古地図を片手に江戸の痕跡を見つけてみませんか?

高田馬場

2015-11-21 | まち歩き

高田馬場は、江戸時代の高田、現在の西早稲田に存在した馬場です。JR山手線の高田馬場の駅名の由来となった史跡で、高田馬場駅からは早稲田通沿いに東に1キロメートルほど行ったところに在りました。現在はビルが立ち並び、馬場の痕跡は全くありませんが、地図や航空写真を眺めると、馬場の形をトレースするように道路が長方形を形作っており、ここに馬場があったことが分かります。面白いことに、駅名や地名の由来になったにもかかわらず、馬場があった場所は、行政区上の高田馬場の外に存在しています。

高田馬場が築かれたのは寛永十三年(1636年)で、江戸の馬場のうちで最も古いものの一つです。享保年間(1716年~1735年)には、馬場の北側に松並木が植えられ、8軒の茶屋が在ったとされています。馬術の訓練場としてだけでなく、雑司ヶ谷の鬼子母神を参拝する人々が途中に立ち寄る遊び場でもあり、江戸名所図会によれば、賭的、大的、小的、騎射、能囃子、土佐(土佐浄瑠璃)、外記(外記浄瑠璃)、放火(曲芸)等が出て賑わったそうです。また、高田馬場を有名にした出来事に、赤穂四十七士の一人である堀部安兵衛が義理の叔父・菅野六郎左衛門の決闘の助太刀をして名を挙げた「高田馬場の決闘」があります。この事件は、安兵衛が堀部家の養子となる以前のことで、安兵衛はまだ生家の中山姓を名乗っていました。
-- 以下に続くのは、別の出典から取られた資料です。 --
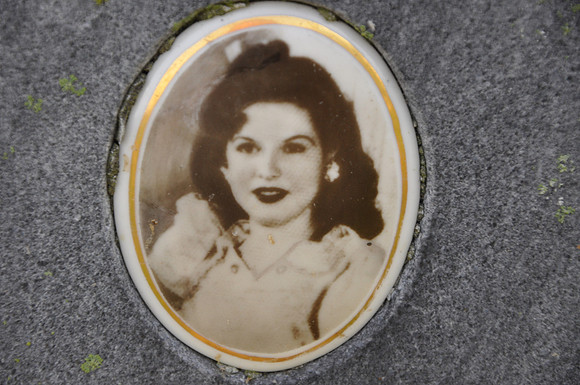 Cisneros, Olivia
高田馬場が登場する時代小説の一つには、堀部安兵衛の少年時代から吉良邸討入りまでを痛快に記した「堀部安兵衛(上)、(下)」(池波正太郎著、新潮社)があります。「堀部安兵衛」は、池波作品の中でも、傑作の一つに数えるに相応しい作品で、特に高田馬場の決闘の場面は、同作品の中で最も素晴らしい部分と言えます。

 

高田馬場が登場するその他の作品

  • 鬼平犯科帳(七)、隠居金七百両、池波正太郎著、文藝春秋
  • 鬼平犯科帳(二十二)、法妙寺の九十郎、池波正太郎著、文藝春秋
  • おもかげ橋、葉室麟著、幻冬社

 

高田馬場(西早稲田交差点にある説明板) 東京都新宿区西早稲田3-1−1
東京メトロ東西線早稲田駅から約750m 徒歩約10分
JR・東京メトロ東西線高田馬場駅から約1.2㎞ 徒歩約15分

 

西早稲田交差点から眺めるかつての高田馬場。西早稲田交差点が馬場の東南の角にあたる。